Job Market Text Mining

  • Scraped over 1000 job descriptions from Indeed web pages using Python
  • Visualized the companies and the locations with the highest number of job listings
  • Calculated the minim and maxim average salary
  • Engineered features from the text of each job description to quantify the value companies put on specific tools, platforms, skills and data science roles
  • Created a word cloud highlighting the most frequently used words in job descriptions

GitHub


Which are the companies with the highest number of job listings?

Notice that Microsoft has the highest number of jobs, followed by Amazon and Zillow. There are 69 companies that posted only 1 job and 28 companies that listed 2 jobs. Most companies have between 1 and 10 jobs.


What is the frequency of words for specific tools and platforms, skills, and roles?

Tableau is the top data analytics tool while Azure is the preferred cloud computing platform. The roles as data scientists are in more demand than data analysts. Other roles like data engineer or machine learning engineer are less present. Most position types are for senior level, followed by intern and entry level.

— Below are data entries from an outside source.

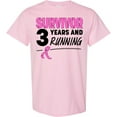 thumbnail image 3 of Inktastic Breast Cancer Survivor 3 Years and Running with Pink Ribbon T-Shirt, 3 of 5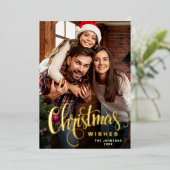 Sparkle Merry Kerstmis 2 PHOTO Greeting Gold Folie Feestdagenkaart (Staand Voorkant)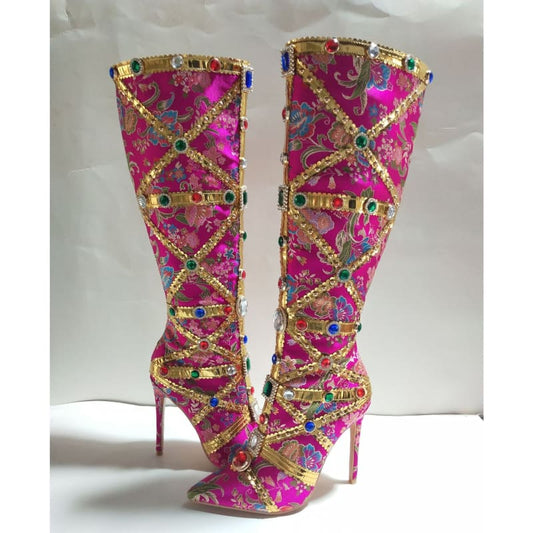 Stunning Ladies Gem and Gold Studded Satin Fabric Boots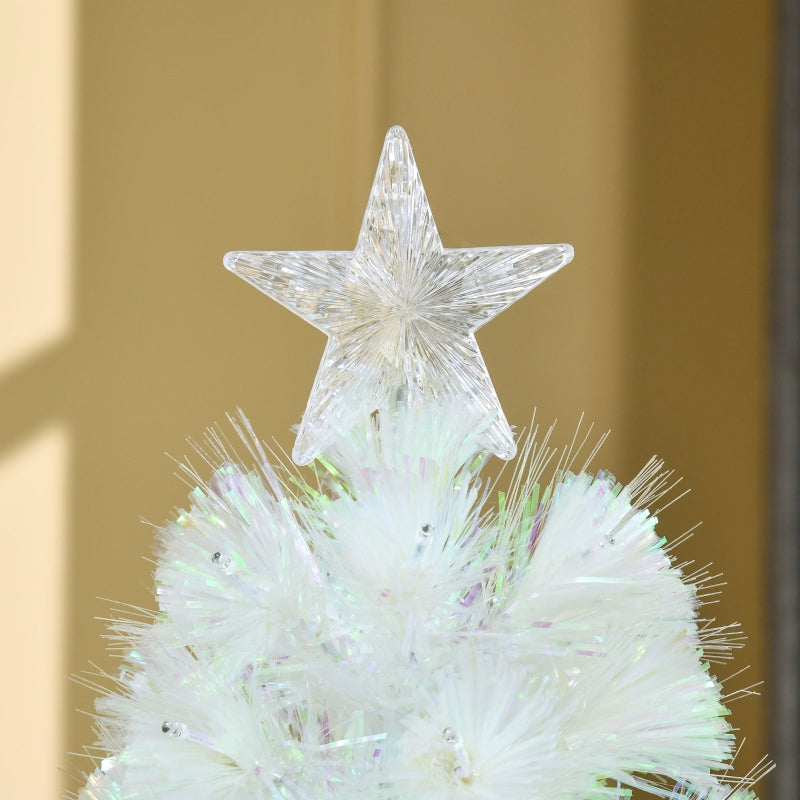 5ft White Fiber Optic LED Christmas Tree - Holiday Home Xmas Decor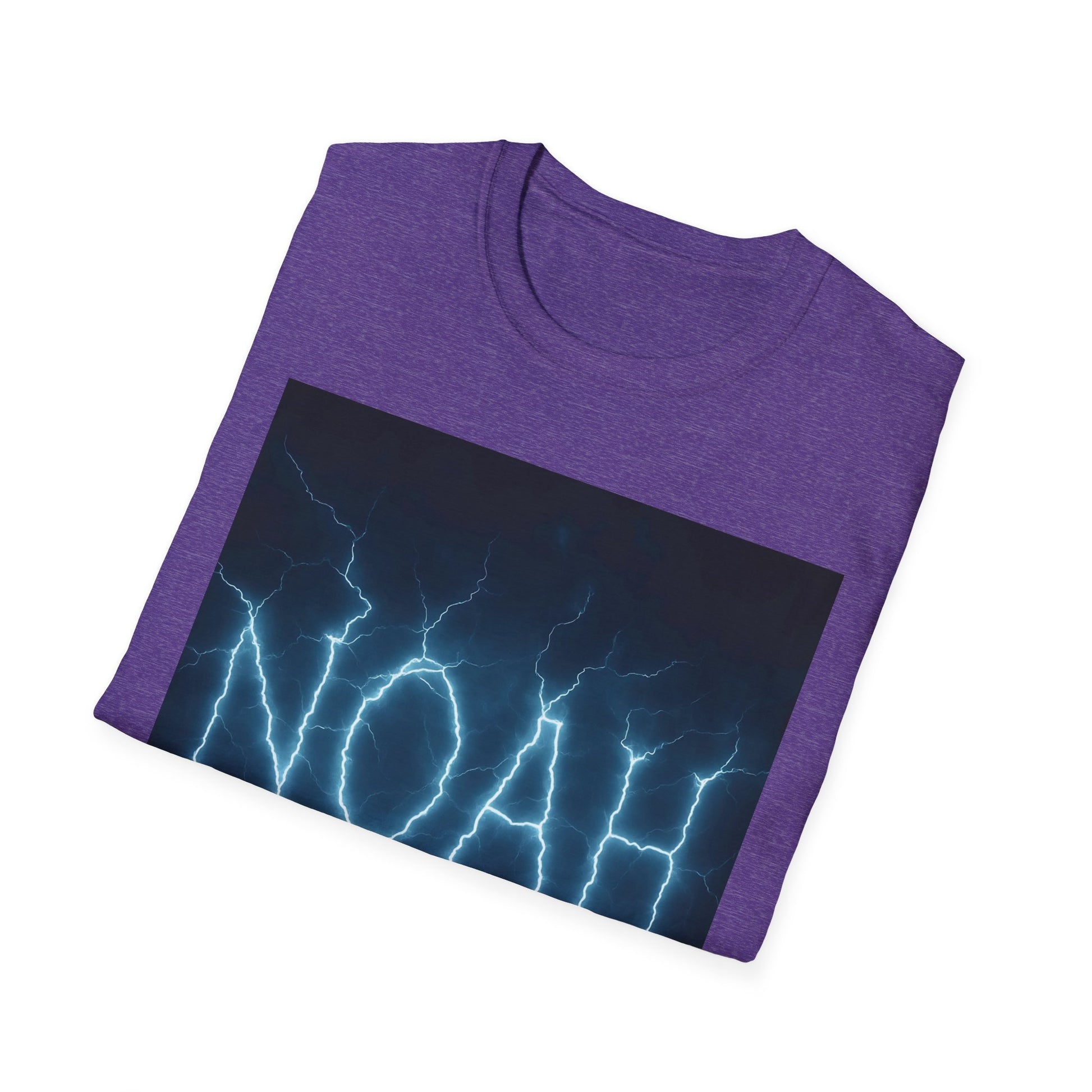 Purple heathered short-sleeve t-shirt with a large rectangular graphic of blue lightning bolts on a dark background.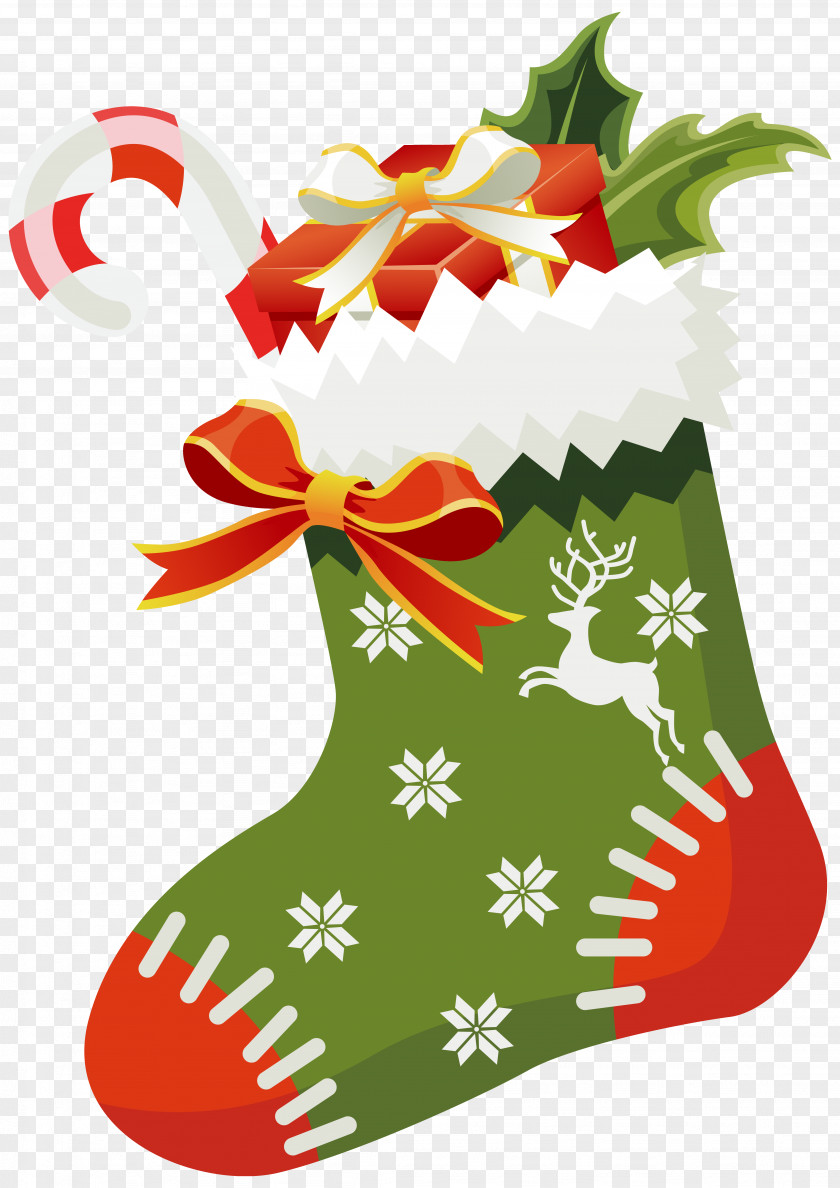 Christmas Green Stocking Clipart Image Santa Claus Clip Art PNG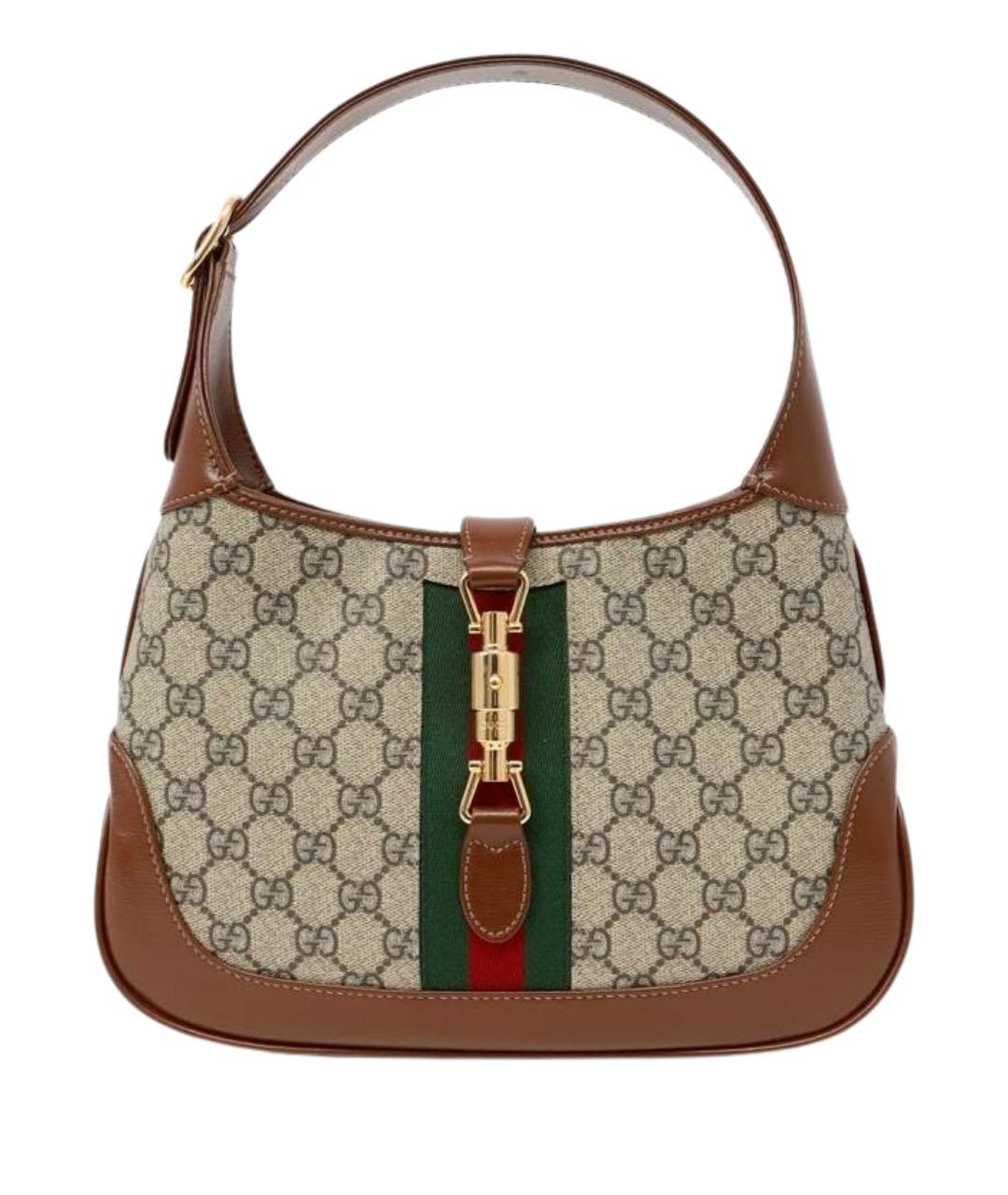 GUCCI Коричневая кожаная сумка с короткими ручками, фото 1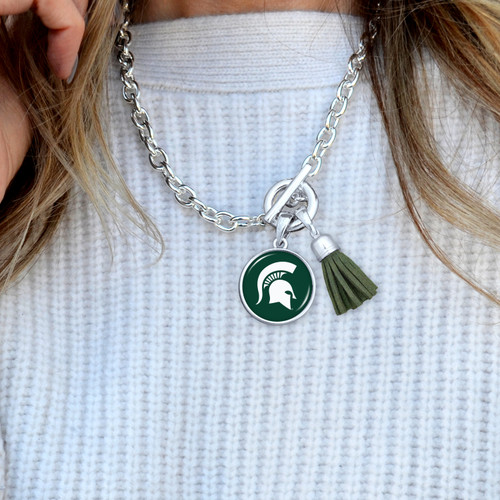 Michigan State Spartans Necklace- Team Color Tassel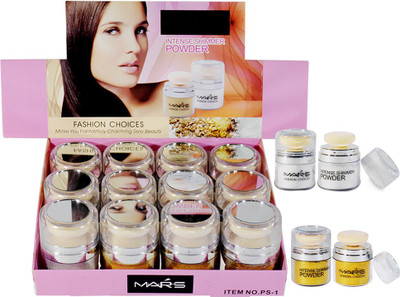 Mars Intense Pack of 12pcs Shimmer Powder(White)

Which are the most frequent words in job descriptions?

A count of all words that occur in job descriptions and job titles highlight the importance of specific words. As Word Cloud shows, the most frequent word is data, followed by machine learning, experience, engineering and customer.


What is the average salary?

Calculating the average salary included checking the formatting of salary values then defining a function to format, calculate and split salary in minim and maxim values. The results show that the average salary for a data scientist or data analyst role has a minim of $115,887 a year and a maxim of $159,665 a year.